Jumat, 01 Maret 2013

Kebakaran Hutan Di Indonesia

kali ini saya akan posting tentang kebakaran hutan di Indonesia..
Indonesia adalah salah satu negara beriklim trofis yang memiliki hutan yang luas. Hampir disetiap pulau di indonesia memiliki hutan yang memiliki fungsi yang sangat vital bagi kehidupan. Hutan adalah suatu tempat dari ekosistem dan habitat-habitat bagi hewan, tumbuhan dan makhluk hidup lainnya. Banjir, tanah longsor, erosi, dan bencana alam lainnya merupakan dampak kecil atas kerusakan hutan.
Selain faktor eksploitasi hutan oleh Pelaku industri, Kasus kebakaran menjadi faktor utama dari penyebab kerusakan hutan di indonesia. Dari tahun ke tahun kasus kebakaran di indonesia semakin meningkat. Tercatat pada tahun ini terdapat 20.850 titik kebakaran hutan di indonesia hanya dalam kurun waktu 9 bulan ( januari-september 2012). Angka ini mengalami peningkatan sebesar 26,7% dari tahun lalu yang mencapai 16.450 titik dalam kurun waktu yang sama. Dan total luas hutan yang terbakar mencapai 2.000 hektar. Total 92% kebakaran terjadi di Kalimantan, Sumatera, dan Sulawesi. Dan 8% terjadi di Jawa dan Bali.
Hutan di Pulau Kalimantan menjadi korban terparah dari kasus kebakaran hutan. Total titik kebakaran mencapai 784 titik yang tersebar dibeberapa provinsi. Disusul oleh Pulau Sumatra yang sebagian besar terjadi di Provinsi aceh. Bahkan tahun ini menjadi angka terbesar dalam kurun lima tahun terakhir dan setara 65% dari total kebakaran hutan yang pernah terjadi di Aceh.

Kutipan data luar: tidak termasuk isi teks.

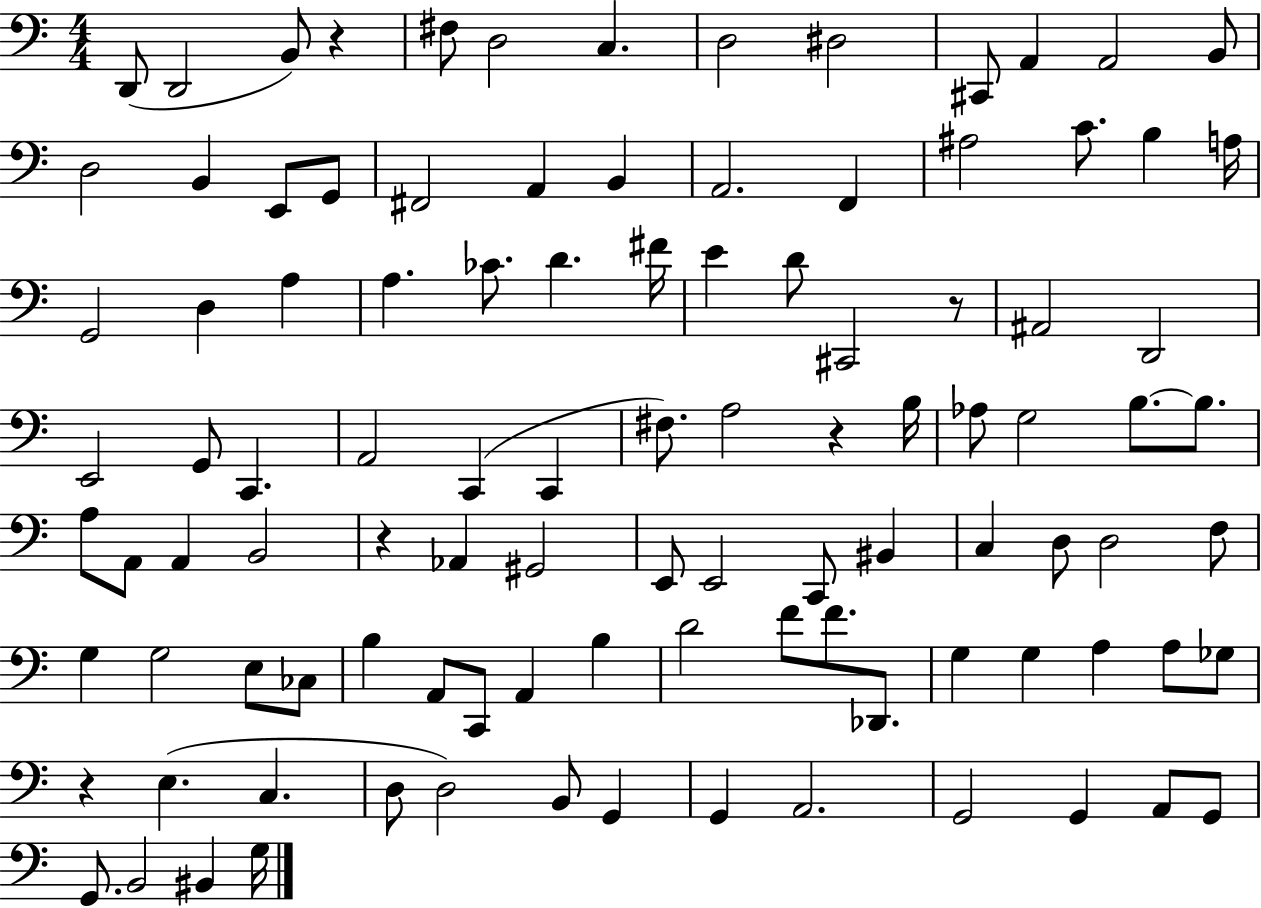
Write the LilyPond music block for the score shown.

{
  \clef bass
  \numericTimeSignature
  \time 4/4
  \key c \major
  d,8( d,2 b,8) r4 | fis8 d2 c4. | d2 dis2 | cis,8 a,4 a,2 b,8 | \break d2 b,4 e,8 g,8 | fis,2 a,4 b,4 | a,2. f,4 | ais2 c'8. b4 a16 | \break g,2 d4 a4 | a4. ces'8. d'4. fis'16 | e'4 d'8 cis,2 r8 | ais,2 d,2 | \break e,2 g,8 c,4. | a,2 c,4( c,4 | fis8.) a2 r4 b16 | aes8 g2 b8.~~ b8. | \break a8 a,8 a,4 b,2 | r4 aes,4 gis,2 | e,8 e,2 c,8 bis,4 | c4 d8 d2 f8 | \break g4 g2 e8 ces8 | b4 a,8 c,8 a,4 b4 | d'2 f'8 f'8. des,8. | g4 g4 a4 a8 ges8 | \break r4 e4.( c4. | d8 d2) b,8 g,4 | g,4 a,2. | g,2 g,4 a,8 g,8 | \break g,8. b,2 bis,4 g16 | \bar "|."
}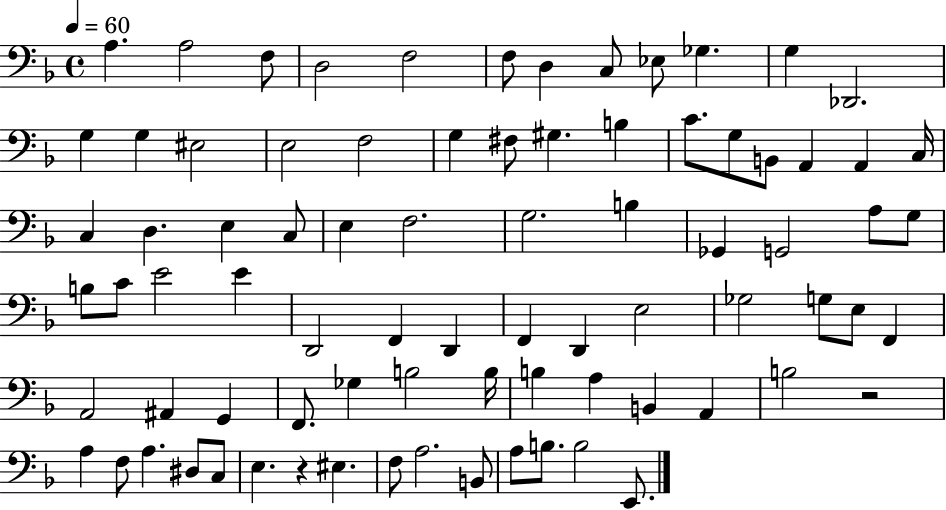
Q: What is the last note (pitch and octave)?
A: E2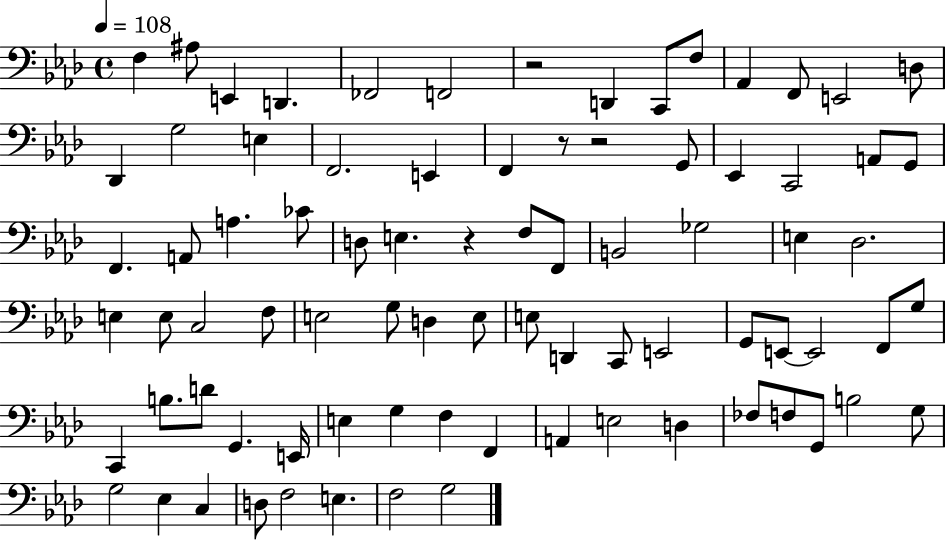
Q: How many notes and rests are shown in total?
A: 82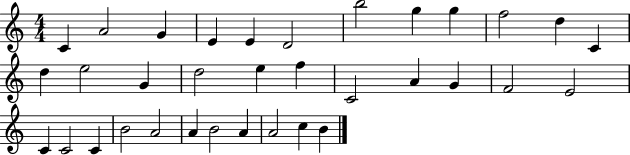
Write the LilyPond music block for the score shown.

{
  \clef treble
  \numericTimeSignature
  \time 4/4
  \key c \major
  c'4 a'2 g'4 | e'4 e'4 d'2 | b''2 g''4 g''4 | f''2 d''4 c'4 | \break d''4 e''2 g'4 | d''2 e''4 f''4 | c'2 a'4 g'4 | f'2 e'2 | \break c'4 c'2 c'4 | b'2 a'2 | a'4 b'2 a'4 | a'2 c''4 b'4 | \break \bar "|."
}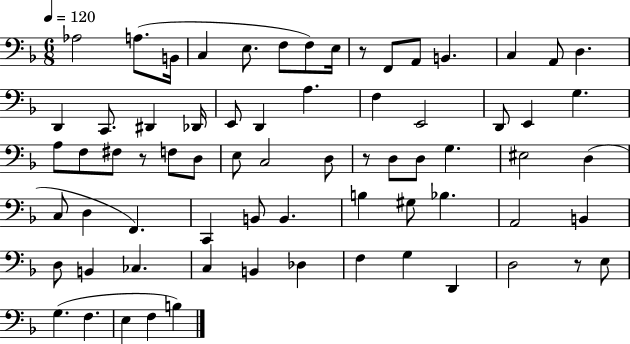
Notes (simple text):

Ab3/h A3/e. B2/s C3/q E3/e. F3/e F3/e E3/s R/e F2/e A2/e B2/q. C3/q A2/e D3/q. D2/q C2/e. D#2/q Db2/s E2/e D2/q A3/q. F3/q E2/h D2/e E2/q G3/q. A3/e F3/e F#3/e R/e F3/e D3/e E3/e C3/h D3/e R/e D3/e D3/e G3/q. EIS3/h D3/q C3/e D3/q F2/q. C2/q B2/e B2/q. B3/q G#3/e Bb3/q. A2/h B2/q D3/e B2/q CES3/q. C3/q B2/q Db3/q F3/q G3/q D2/q D3/h R/e E3/e G3/q. F3/q. E3/q F3/q B3/q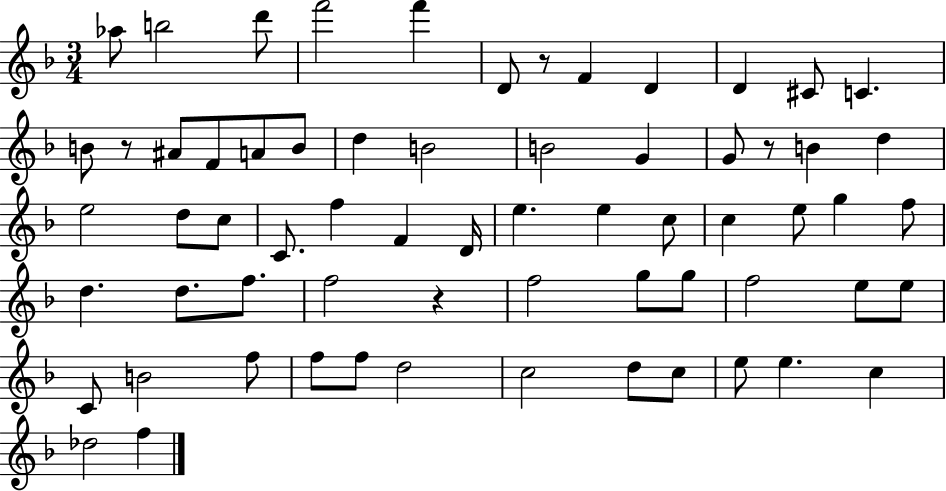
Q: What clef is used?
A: treble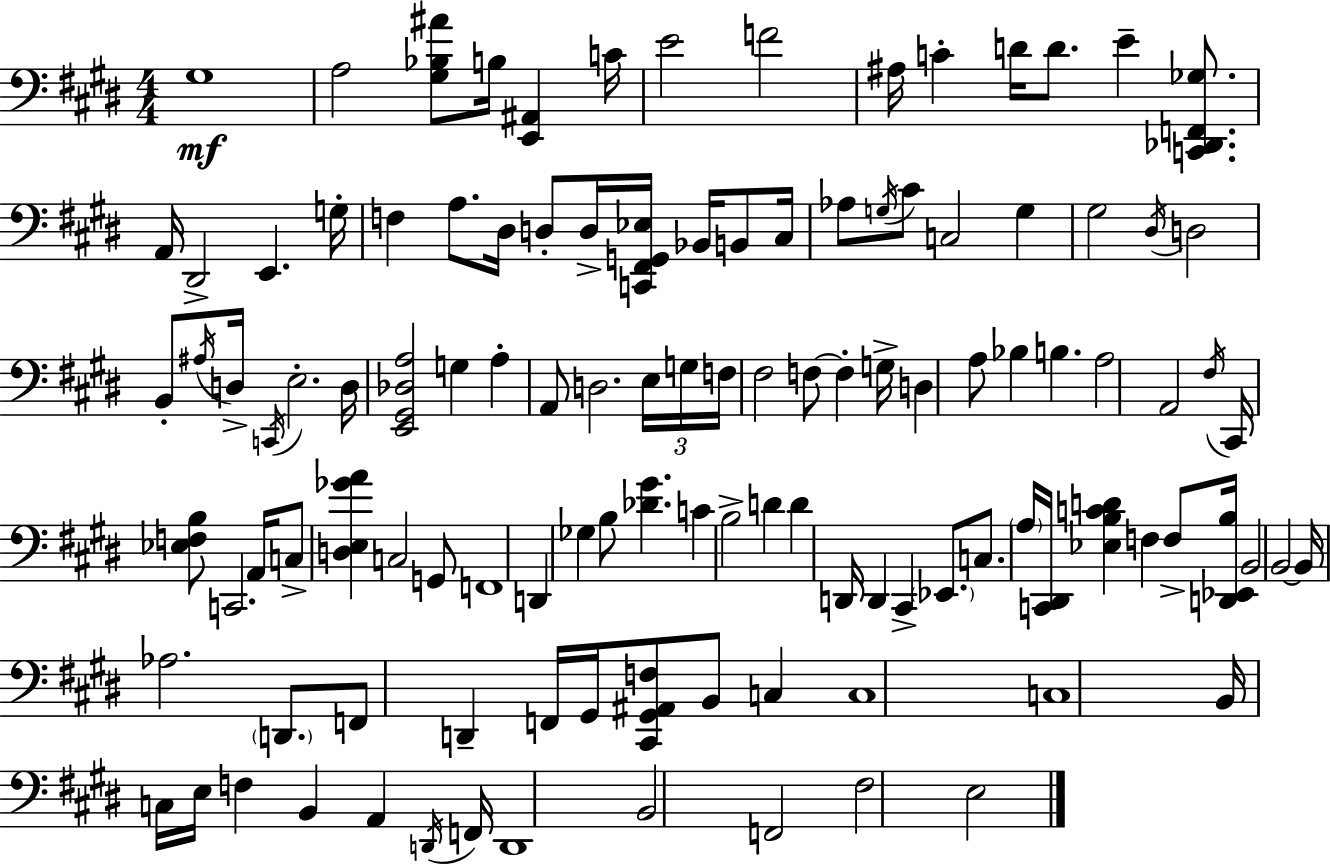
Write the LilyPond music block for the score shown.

{
  \clef bass
  \numericTimeSignature
  \time 4/4
  \key e \major
  gis1\mf | a2 <gis bes ais'>8 b16 <e, ais,>4 c'16 | e'2 f'2 | ais16 c'4-. d'16 d'8. e'4-- <c, des, f, ges>8. | \break a,16 dis,2-> e,4. g16-. | f4 a8. dis16 d8-. d16-> <c, fis, g, ees>16 bes,16 b,8 cis16 | aes8 \acciaccatura { g16 } cis'8 c2 g4 | gis2 \acciaccatura { dis16 } d2 | \break b,8-. \acciaccatura { ais16 } d16-> \acciaccatura { c,16 } e2.-. | d16 <e, gis, des a>2 g4 | a4-. a,8 d2. | \tuplet 3/2 { e16 g16 f16 } fis2 f8~~ f4-. | \break g16-> d4 a8 bes4 b4. | a2 a,2 | \acciaccatura { fis16 } cis,16 <ees f b>8 c,2. | a,16 c8-> <d e ges' a'>4 c2 | \break g,8 f,1 | d,4 ges4 b8 <des' gis'>4. | c'4 b2-> | d'4 d'4 d,16 d,4 cis,4-> | \break \parenthesize ees,8. c8. \parenthesize a16 <c, dis,>16 <ees b c' d'>4 f4 | f8-> <d, ees, b>16 b,2 b,2~~ | b,16 aes2. | \parenthesize d,8. f,8 d,4-- f,16 gis,16 <cis, gis, ais, f>8 b,8 | \break c4 c1 | c1 | b,16 c16 e16 f4 b,4 | a,4 \acciaccatura { d,16 } f,16 d,1 | \break b,2 f,2 | fis2 e2 | \bar "|."
}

Di Pulau Jawa sendiri, tepatnya pada tanggal 2 september 2012 telah terjadi kebakaran di Bagian Kesatuan Pemangku Hutan ( BKPH ) Kediri di area gunung Klotok. Disinyalir faktor penyebab utama dari kebakaran tersebut adalah faktor ulah manusia dan oknum yang tidak bertanggung jawab yang bertujuan untuk membuka lahan secara ilegal.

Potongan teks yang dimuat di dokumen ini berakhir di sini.